## WORK INSTRUCTION
All that should come back is the lines of the data below from the one containing "A uniform coating" to the one containing "Here you can", inclusive, exactly as they stand.

BEGIN

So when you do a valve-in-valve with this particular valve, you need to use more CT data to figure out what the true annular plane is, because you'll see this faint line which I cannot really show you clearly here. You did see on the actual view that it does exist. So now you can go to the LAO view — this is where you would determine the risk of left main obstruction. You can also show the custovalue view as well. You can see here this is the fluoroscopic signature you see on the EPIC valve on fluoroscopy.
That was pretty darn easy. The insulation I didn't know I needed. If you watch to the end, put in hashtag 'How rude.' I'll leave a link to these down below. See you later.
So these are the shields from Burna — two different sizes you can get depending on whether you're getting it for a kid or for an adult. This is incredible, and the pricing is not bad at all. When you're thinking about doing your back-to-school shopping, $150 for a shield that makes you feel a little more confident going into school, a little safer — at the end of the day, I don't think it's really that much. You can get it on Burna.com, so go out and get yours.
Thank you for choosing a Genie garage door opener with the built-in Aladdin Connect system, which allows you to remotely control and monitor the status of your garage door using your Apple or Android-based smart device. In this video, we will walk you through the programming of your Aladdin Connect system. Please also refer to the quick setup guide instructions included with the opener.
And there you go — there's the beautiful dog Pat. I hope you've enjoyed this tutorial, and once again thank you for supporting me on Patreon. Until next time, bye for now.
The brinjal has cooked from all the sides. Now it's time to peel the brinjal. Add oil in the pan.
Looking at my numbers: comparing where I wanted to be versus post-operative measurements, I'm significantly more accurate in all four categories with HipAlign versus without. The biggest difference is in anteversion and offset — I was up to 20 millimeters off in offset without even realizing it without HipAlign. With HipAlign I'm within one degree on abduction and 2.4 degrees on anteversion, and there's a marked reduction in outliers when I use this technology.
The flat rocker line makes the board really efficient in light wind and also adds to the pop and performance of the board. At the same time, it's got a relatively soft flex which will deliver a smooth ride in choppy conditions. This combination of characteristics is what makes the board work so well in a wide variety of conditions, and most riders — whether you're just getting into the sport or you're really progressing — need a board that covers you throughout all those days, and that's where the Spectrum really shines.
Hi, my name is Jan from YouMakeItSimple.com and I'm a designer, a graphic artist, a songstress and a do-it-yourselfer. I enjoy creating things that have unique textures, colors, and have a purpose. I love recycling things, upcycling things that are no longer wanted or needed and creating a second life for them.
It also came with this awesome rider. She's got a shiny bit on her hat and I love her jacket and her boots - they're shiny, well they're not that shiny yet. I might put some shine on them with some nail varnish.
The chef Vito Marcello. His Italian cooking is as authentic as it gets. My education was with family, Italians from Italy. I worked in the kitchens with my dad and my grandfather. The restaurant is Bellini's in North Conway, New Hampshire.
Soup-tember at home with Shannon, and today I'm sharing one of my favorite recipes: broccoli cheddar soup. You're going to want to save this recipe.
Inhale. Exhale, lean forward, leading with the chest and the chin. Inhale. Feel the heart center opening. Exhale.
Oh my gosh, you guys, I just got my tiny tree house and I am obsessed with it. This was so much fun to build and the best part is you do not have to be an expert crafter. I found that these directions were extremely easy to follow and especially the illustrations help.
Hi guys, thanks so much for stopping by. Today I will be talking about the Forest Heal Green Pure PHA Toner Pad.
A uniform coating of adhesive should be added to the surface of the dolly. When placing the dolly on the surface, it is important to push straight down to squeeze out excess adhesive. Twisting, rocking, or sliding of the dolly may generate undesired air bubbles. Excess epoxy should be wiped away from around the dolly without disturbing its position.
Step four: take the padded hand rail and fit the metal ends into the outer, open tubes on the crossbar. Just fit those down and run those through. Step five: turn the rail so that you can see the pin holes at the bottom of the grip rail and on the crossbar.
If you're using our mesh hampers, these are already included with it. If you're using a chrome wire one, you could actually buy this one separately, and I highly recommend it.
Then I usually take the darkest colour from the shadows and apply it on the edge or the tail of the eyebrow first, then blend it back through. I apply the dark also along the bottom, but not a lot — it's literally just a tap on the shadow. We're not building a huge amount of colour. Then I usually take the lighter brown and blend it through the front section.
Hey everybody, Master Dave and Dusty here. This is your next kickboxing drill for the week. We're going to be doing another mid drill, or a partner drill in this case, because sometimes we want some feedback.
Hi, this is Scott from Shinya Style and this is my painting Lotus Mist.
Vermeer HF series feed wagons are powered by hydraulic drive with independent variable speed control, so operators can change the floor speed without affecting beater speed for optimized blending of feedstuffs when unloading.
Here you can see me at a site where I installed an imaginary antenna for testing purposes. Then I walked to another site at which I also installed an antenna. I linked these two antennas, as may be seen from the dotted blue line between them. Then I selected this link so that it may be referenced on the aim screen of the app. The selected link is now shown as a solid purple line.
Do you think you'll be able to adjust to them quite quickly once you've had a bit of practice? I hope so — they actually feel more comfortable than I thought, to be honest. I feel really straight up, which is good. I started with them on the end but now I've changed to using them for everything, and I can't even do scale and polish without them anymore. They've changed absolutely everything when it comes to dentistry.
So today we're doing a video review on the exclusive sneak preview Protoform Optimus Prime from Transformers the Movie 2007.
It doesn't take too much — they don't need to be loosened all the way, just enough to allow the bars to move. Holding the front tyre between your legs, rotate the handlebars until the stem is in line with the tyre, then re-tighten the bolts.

END

## YOUR RESPONSE
A uniform coating of adhesive should be added to the surface of the dolly. When placing the dolly on the surface, it is important to push straight down to squeeze out excess adhesive. Twisting, rocking, or sliding of the dolly may generate undesired air bubbles. Excess epoxy should be wiped away from around the dolly without disturbing its position.
Step four: take the padded hand rail and fit the metal ends into the outer, open tubes on the crossbar. Just fit those down and run those through. Step five: turn the rail so that you can see the pin holes at the bottom of the grip rail and on the crossbar.
If you're using our mesh hampers, these are already included with it. If you're using a chrome wire one, you could actually buy this one separately, and I highly recommend it.
Then I usually take the darkest colour from the shadows and apply it on the edge or the tail of the eyebrow first, then blend it back through. I apply the dark also along the bottom, but not a lot — it's literally just a tap on the shadow. We're not building a huge amount of colour. Then I usually take the lighter brown and blend it through the front section.
Hey everybody, Master Dave and Dusty here. This is your next kickboxing drill for the week. We're going to be doing another mid drill, or a partner drill in this case, because sometimes we want some feedback.
Hi, this is Scott from Shinya Style and this is my painting Lotus Mist.
Vermeer HF series feed wagons are powered by hydraulic drive with independent variable speed control, so operators can change the floor speed without affecting beater speed for optimized blending of feedstuffs when unloading.
Here you can see me at a site where I installed an imaginary antenna for testing purposes. Then I walked to another site at which I also installed an antenna. I linked these two antennas, as may be seen from the dotted blue line between them. Then I selected this link so that it may be referenced on the aim screen of the app. The selected link is now shown as a solid purple line.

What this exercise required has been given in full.